Мы едем в мой дом на Малой Грузинской — там уже накрывает стол «отсидевшая» бабушка — маленький сверчок. Мама открывает настежь входную дверь и приглашает меня внутрь: «Ну, заходи — твоя квартира!» (Пафос этой фразы связан еще и с тем, что эту жилплощадь по странной случайности не отобрали за время моего отсутствия. Перед отъездом я пыталась прописать маму, но кооператив встал насмерть — мне не дали этого сделать. Все-таки какой-то дух обо мне тут позаботился, и квартиру сохранили.) Я переступаю порог и останавливаюсь как вкопанная — казалось, что молчаливый призрак вышел мне навстречу. Здесь все так же, как было три с половиной года назад: вдоль стены длинный белый стол-верстак, на нем всякая всячина — игрушки, сувениры, пластинки. Мой фотопортрет на стене, Боже, а обои — совсем старые, потемневшие, ободранные… Кажется, что время остановилось и я попала в свое прошлое. Абсолютно сумасшедшее ощущение: пространство и мы, словно стрелки на циферблате, отмечающие своей жизнью перемещение событий через нас в вечность. Я меняюсь, а вещи стоят, и в них застывает время. И вообще, Союз и Америка — это же две разные эпохи, две философии, два эксперимента! Там и время течет по-другому, и между этими двумя мирами в общем нет никакой необходимой связи. Опыт не перетекает из одного места в другое, он обрывается. (Один мой знакомый по Нью-Йорку, съездив после десятилетнего отсутствия в Москву, сказал: «Хорошо, я догнал свой возраст, но если б я там остался, я бы его перегнал!»)

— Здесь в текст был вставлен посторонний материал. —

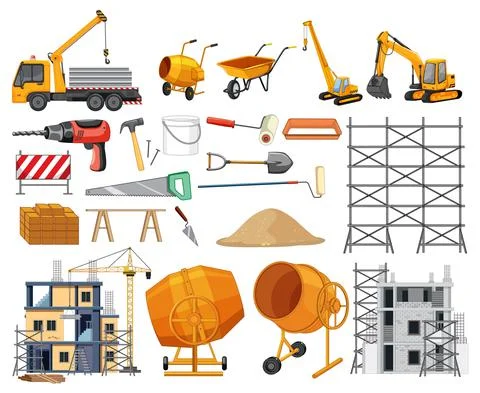 Set of construction site objects Stock Illustration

Можно сказать, что я провалилась в Зазеркалье и выпала из него обратно. Мама слушает меня с любопытством, сестра — с завистью, папа — с недоверием. Сейчас я со своими рассказами больше всего напоминаю себе и другим барона Мюнхгаузена. И никому этого здесь не объяснишь. Как не объяснит моя бабушка несидевшим людям, что это такое, так никогда не уезжавший не поймет всех эмоциональных зигзагов, которые испытывает русский человек, вернувшийся с Запада. Нет, это какой-то приключенческий фильм, а не жизнь. Я ощущала себя чуть ли не марсианкой. Бабушка, взглянув мне в лицо, после некоторой паузы оценила произошедшие во мне перемены: «Ты мутировала!» — «Мама, ты о чем?» — переспросила ее моя мама. «Я говорю, что Лена мутировала!» — повторила она с безапелляционным видом, села на стул нога на ногу и стала ею покачивать.
Все обратили внимание, что я говорю с какой-то иностранной интонацией. А я, в свою очередь, — что мне легче обсуждать некоторые темы по-английски, чем по-русски. И дело не в том, что я забыла русский язык — глупость, его невозможно забыть. Просто есть английские слова, выражающие что-то лучше, нежели русские (как, впрочем, и наоборот, не говоря уже о непереводимых понятиях). Например, то же самое identity — как это перевести? Или frustration — чувство неудовлетворения, смешанное с досадой, которое возникает после больших ожиданий. Да и вообще, язык и речь — это намного больше, чем нам кажется. Это и есть жизнь, в которой зашифровано и время, и чувства, и психические факторы, составляющие образ человека. Недаром говорят специалисты, что каждому языку соответствует свой темперамент: например французский — истерики, испанский — холерики, английский — меланхолики и так далее. Слово «мутировала» было не так уж далеко от истины… Но самое главное, конечно, не в этом — все равно в окружении родных и близких я была как в бронежилете, и можно было расслабиться.